Question: 49. Match List I with List II.
| List I (Compound) | List II (Shape/geometry) |
|---|---|
| (A) \mathrm{NH}_{3} | (I) Trigonal Pyramidal |
| (B) \mathrm{BrF}_{5} | (II) Square Planar |
| (C) \mathrm{XeF}_{4} | (III) Octahedral |
| (D) \mathrm{SF}_{6} | (IV) Square Pyramidal |
TEST PAPER WITH ANSWER
Choose the correct answer from the options given below:
(1) A-I, B-IV, C-II, D-III
(2) A-II, B-IV, C-III, D-I
(3) A-III, B-IV, C-I, D-II
(4) A-II, B-III, C-IV, D-I
Answer: Option (1)
Explanation:
The shape of a molecule is determined using VSEPR theory based on the number of bond pairs and lone pairs around the central atom.

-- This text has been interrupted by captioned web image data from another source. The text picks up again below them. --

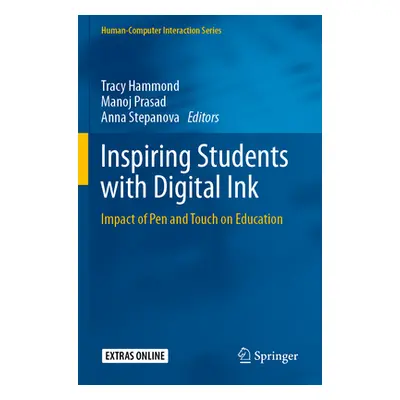 "Inspiring Students with Digital Ink: Impact of Pen and Touch on Education" - "" ("Hammond Tracy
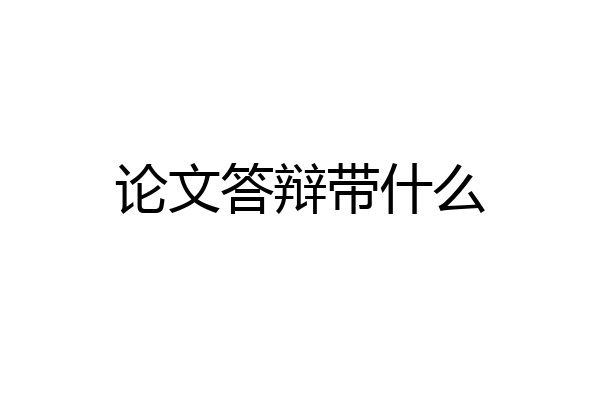 论文答辩带什么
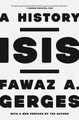 ISIS: A History by Fawaz A. Gerges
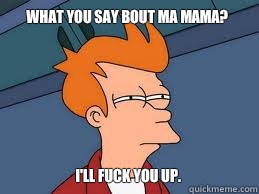 What you say bout ma mama? I'll fuck you up.  Meme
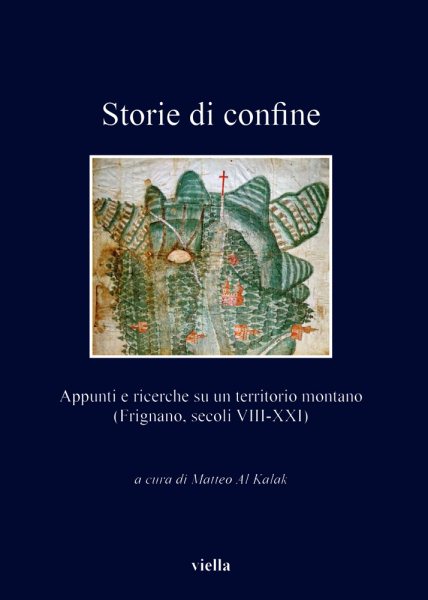 Storie Di Confine: Appunti E Ricerche Su Un Territorio Montano (Frignano, Secoli VIII-XXI)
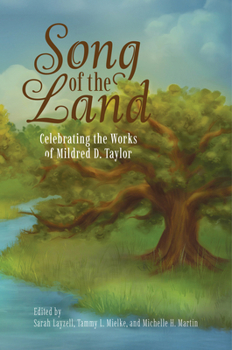 Song of the Land: Celebrating the Works of Mildred D. Taylor (Children's Literature Association Series)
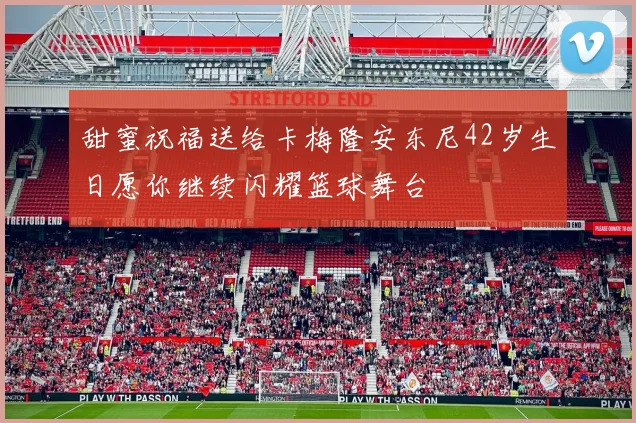 甜蜜祝福送给卡梅隆安东尼42岁生日愿你继续闪耀篮球舞台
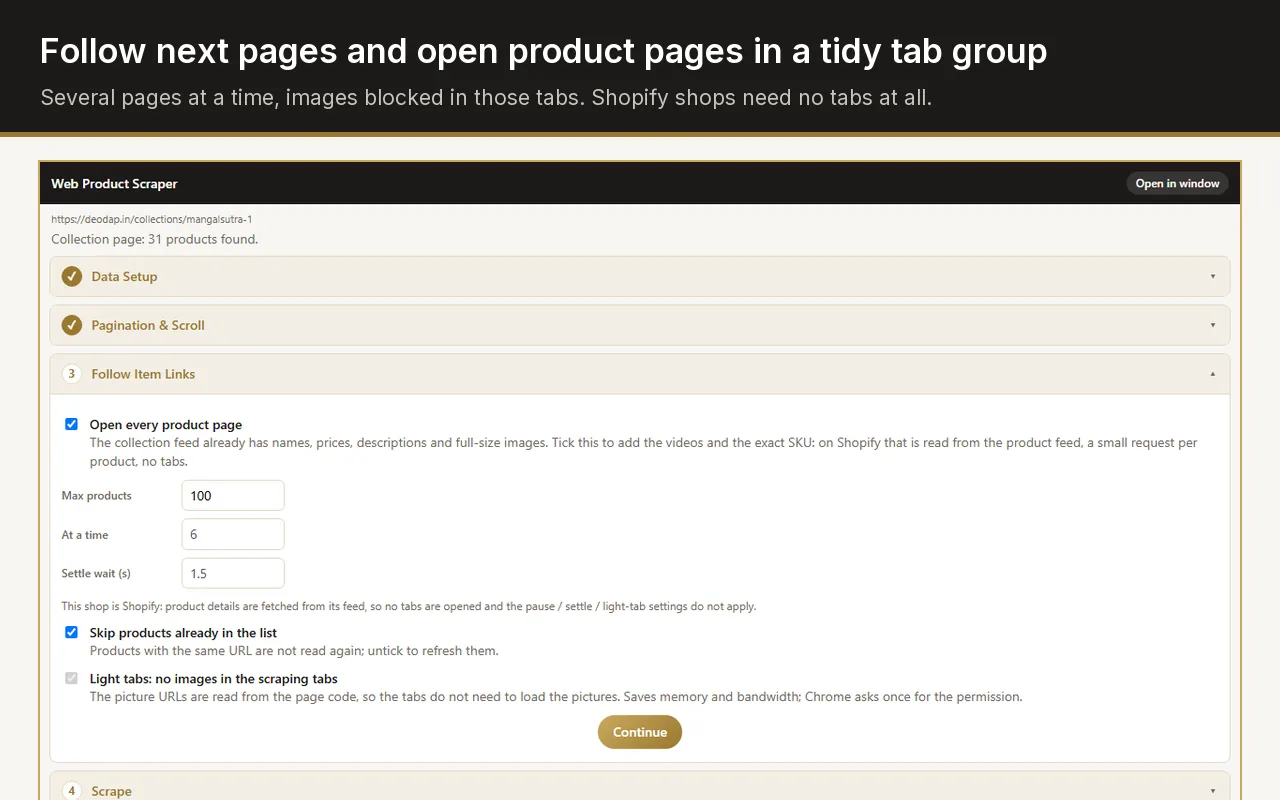 Follow Item Links settings: open every product page, six at a time, skip products already in the list, light tabs without images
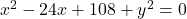 x^2-24x+108+y^2=0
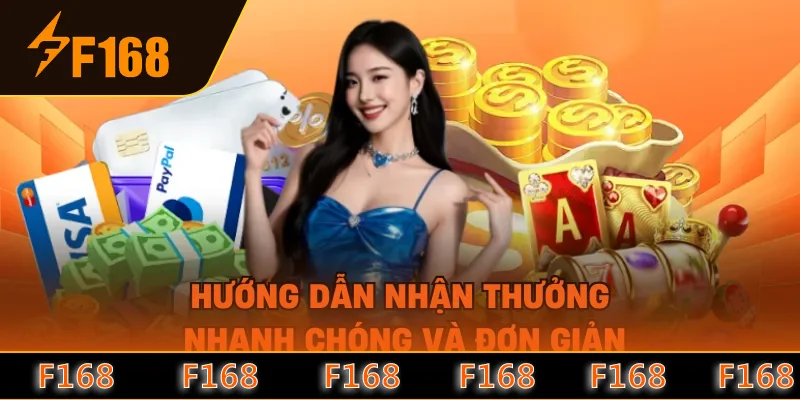 Hướng dẫn nhận thưởng nhanh chóng và đơn giản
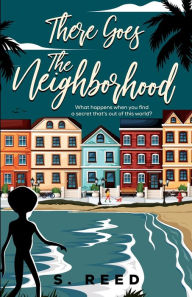 Download english books for free There Goes The Neighborhood by S. Reed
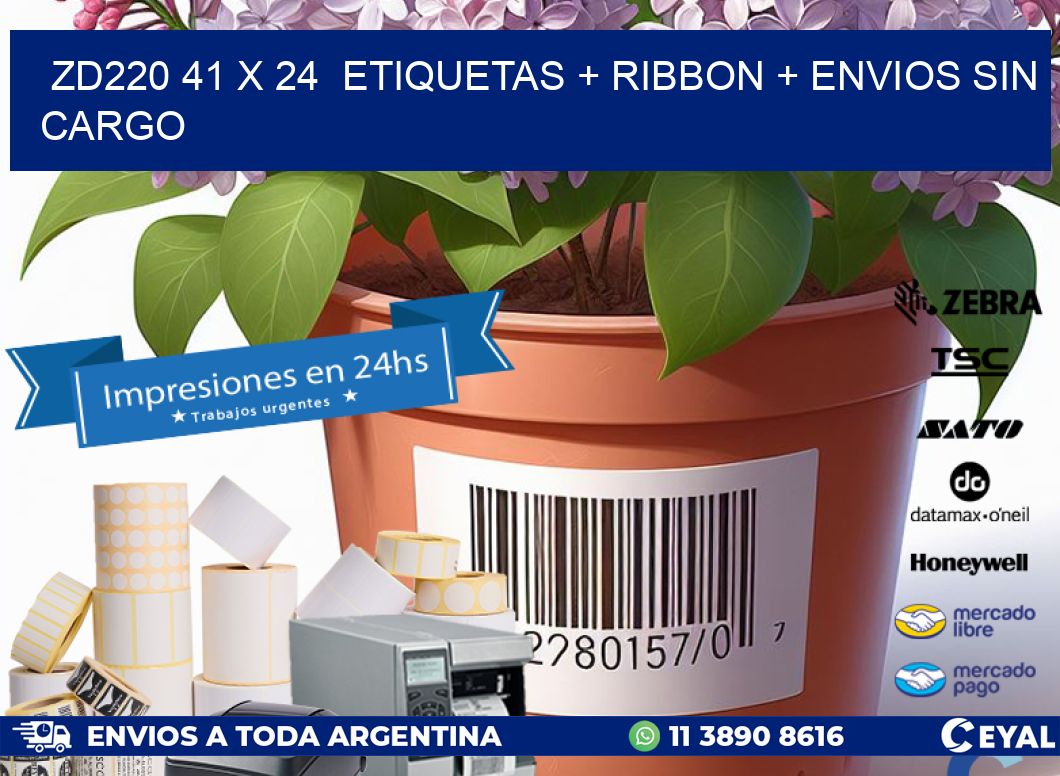 ZD220 41 x 24 etiquetas + ribbon + envios sin cargo
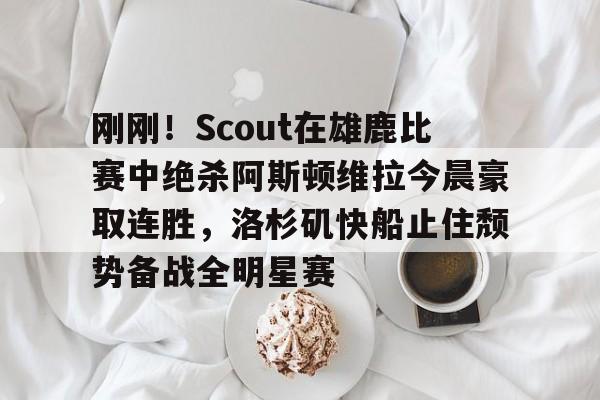 包含刚刚!Scout在雄鹿比赛中绝杀阿斯顿维拉今晨豪取连胜,洛杉矶快船止住颓势备战全明星赛的词条 包含刚刚!Scout在雄鹿比赛中绝杀阿斯顿维拉今晨豪取连胜,洛杉矶快船止住颓势备战全明星赛的词条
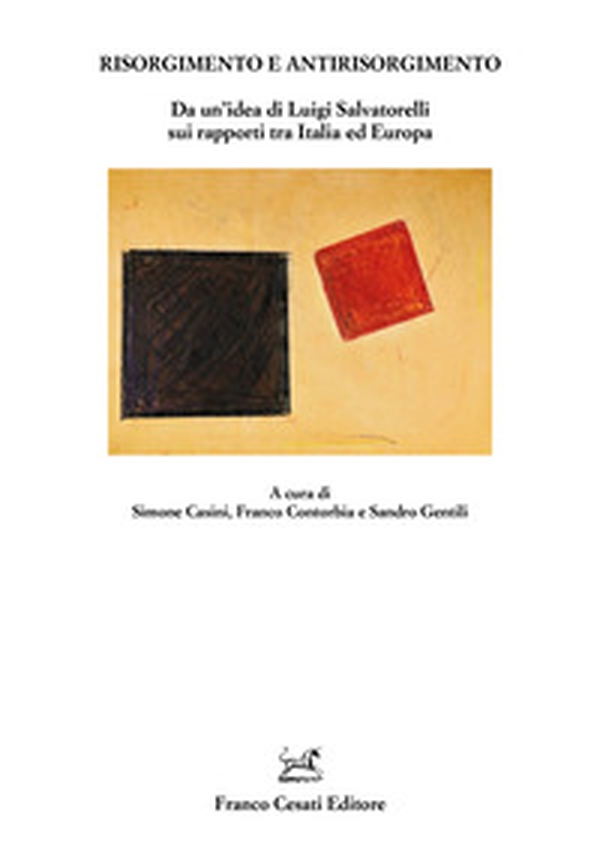 Risorgimento e Antirisorgimento. Da un'idea di Luigi Salvatorelli sui rapporti tra Italia ed Europa - Librerie.coop Risorgimento e Antirisorgimento. Da un'idea di Luigi Salvatorelli sui rapporti tra Italia ed Europa - Librerie.coop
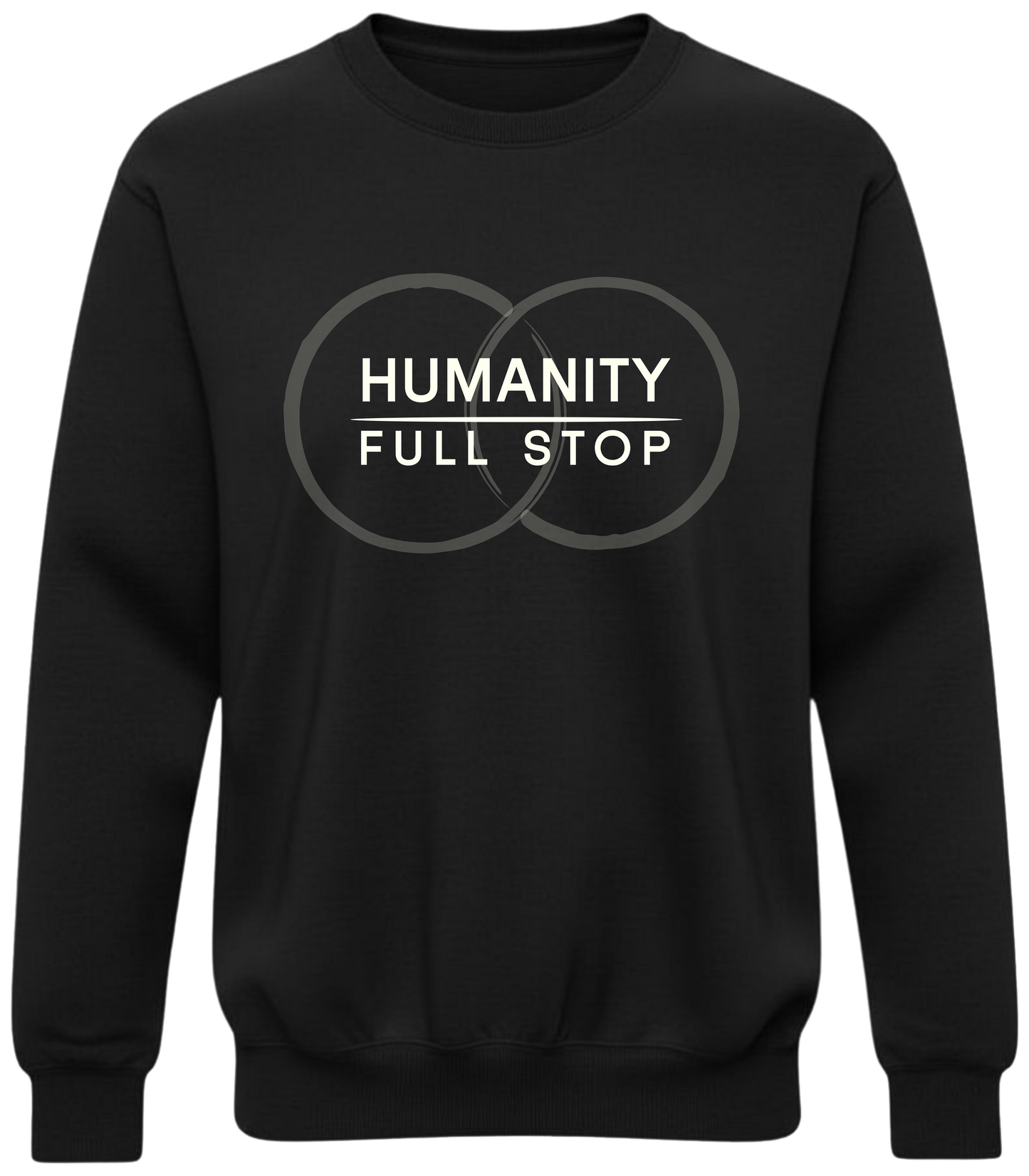 Humanity Full Stop Sweatshirt - Minimalist Ethical Statement Crewneck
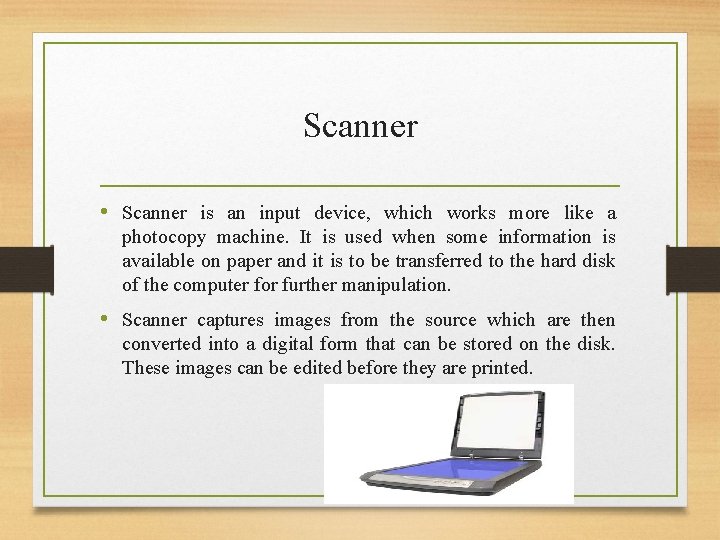 Scanner • Scanner is an input device, which works more like a photocopy machine.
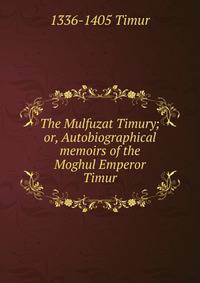 The Mulfuzat Timury; or, Autobiographical memoirs of the Moghul Emperor Timur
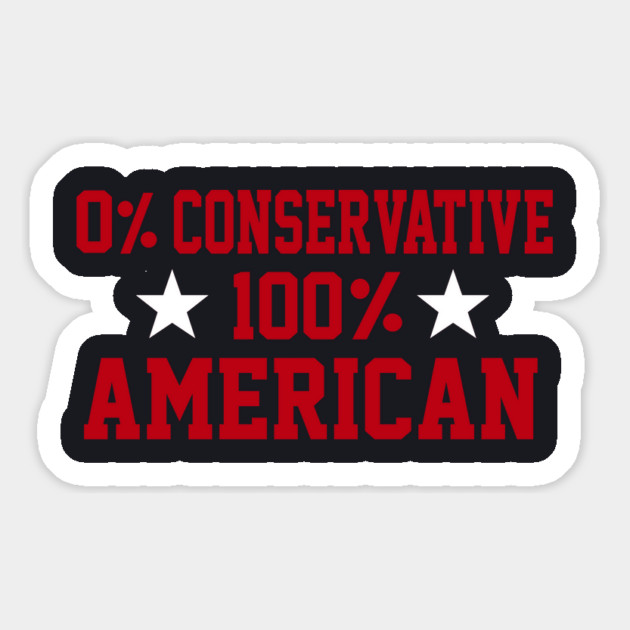 0% Conservative 100% American Magnet by Charles's Store 8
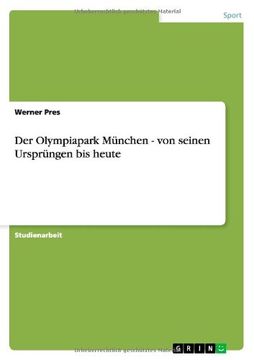 portada Der Olympiapark München - von seinen Ursprüngen bis heute
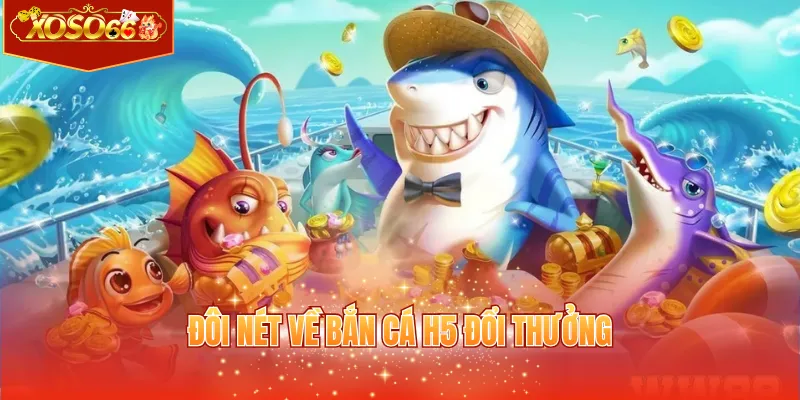Đôi nét về bắn cá H5 đổi thưởng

\mathrm{NH}_{3} has 3 bond pairs and 1 lone pair on nitrogen,
giving a trigonal pyramidal shape, so A matches with I.
\mathrm{BrF}_{5} has 5 bond pairs and 1 lone pair on bromine,
resulting in a square pyramidal geometry, so B matches with IV.
\mathrm{XeF}_{4} has 4 bond pairs and 2 lone pairs on xenon arranged opposite to each other, giving a square planar shape,
so C matches with II.
\mathrm{SF}_{6} has 6 bond pairs and no lone pairs on sulfur,
leading to an octahedral geometry, so D matches with III.
Thus, the correct matching is A-I, B-IV, C-II, D-III,
which corresponds to Option (1).